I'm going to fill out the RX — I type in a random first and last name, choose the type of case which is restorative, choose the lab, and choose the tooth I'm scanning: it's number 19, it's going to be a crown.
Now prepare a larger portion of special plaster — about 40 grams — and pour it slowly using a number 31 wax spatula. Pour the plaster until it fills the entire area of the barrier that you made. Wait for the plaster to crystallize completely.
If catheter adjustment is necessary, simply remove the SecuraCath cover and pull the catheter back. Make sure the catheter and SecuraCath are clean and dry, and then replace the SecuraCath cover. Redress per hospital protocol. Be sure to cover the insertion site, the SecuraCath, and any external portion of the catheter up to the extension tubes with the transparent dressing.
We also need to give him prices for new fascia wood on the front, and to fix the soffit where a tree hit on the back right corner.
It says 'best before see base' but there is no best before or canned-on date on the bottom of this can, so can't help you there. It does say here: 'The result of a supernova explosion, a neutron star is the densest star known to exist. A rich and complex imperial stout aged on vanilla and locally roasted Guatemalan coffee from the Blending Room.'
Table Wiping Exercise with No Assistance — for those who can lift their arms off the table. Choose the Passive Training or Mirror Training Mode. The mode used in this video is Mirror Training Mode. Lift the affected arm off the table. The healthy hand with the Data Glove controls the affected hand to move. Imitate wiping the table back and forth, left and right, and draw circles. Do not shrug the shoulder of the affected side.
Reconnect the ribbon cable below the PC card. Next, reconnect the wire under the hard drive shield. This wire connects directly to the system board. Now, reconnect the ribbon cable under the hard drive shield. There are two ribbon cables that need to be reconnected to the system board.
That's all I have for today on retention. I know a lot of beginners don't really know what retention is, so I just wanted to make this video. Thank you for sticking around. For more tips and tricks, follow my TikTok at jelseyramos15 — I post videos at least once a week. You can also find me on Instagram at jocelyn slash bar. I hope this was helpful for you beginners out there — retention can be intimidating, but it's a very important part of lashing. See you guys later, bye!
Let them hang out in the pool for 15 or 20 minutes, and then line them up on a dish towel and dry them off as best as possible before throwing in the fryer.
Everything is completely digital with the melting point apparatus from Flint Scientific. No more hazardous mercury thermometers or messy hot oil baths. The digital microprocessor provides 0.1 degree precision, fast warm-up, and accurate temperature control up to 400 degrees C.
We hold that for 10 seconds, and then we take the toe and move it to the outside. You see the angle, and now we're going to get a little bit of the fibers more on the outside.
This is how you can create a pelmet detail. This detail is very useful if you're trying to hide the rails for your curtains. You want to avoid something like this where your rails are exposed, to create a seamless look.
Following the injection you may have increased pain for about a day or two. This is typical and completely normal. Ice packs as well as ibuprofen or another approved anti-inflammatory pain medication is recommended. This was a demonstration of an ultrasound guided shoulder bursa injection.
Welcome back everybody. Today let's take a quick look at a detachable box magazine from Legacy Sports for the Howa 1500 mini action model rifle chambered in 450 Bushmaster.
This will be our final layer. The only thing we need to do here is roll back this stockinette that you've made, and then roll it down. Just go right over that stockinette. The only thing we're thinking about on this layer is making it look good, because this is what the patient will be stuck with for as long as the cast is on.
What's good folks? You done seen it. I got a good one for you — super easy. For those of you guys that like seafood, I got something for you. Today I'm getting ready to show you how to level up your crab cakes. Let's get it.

^^^^^^^^^^^^^^^^

| Task statement |
Write out exactly the lines above between the line with "Let them hang" and the line with "This is how", inclusive, and nothing beyond them.

| Answer area |
Let them hang out in the pool for 15 or 20 minutes, and then line them up on a dish towel and dry them off as best as possible before throwing in the fryer.
Everything is completely digital with the melting point apparatus from Flint Scientific. No more hazardous mercury thermometers or messy hot oil baths. The digital microprocessor provides 0.1 degree precision, fast warm-up, and accurate temperature control up to 400 degrees C.
We hold that for 10 seconds, and then we take the toe and move it to the outside. You see the angle, and now we're going to get a little bit of the fibers more on the outside.
This is how you can create a pelmet detail. This detail is very useful if you're trying to hide the rails for your curtains. You want to avoid something like this where your rails are exposed, to create a seamless look.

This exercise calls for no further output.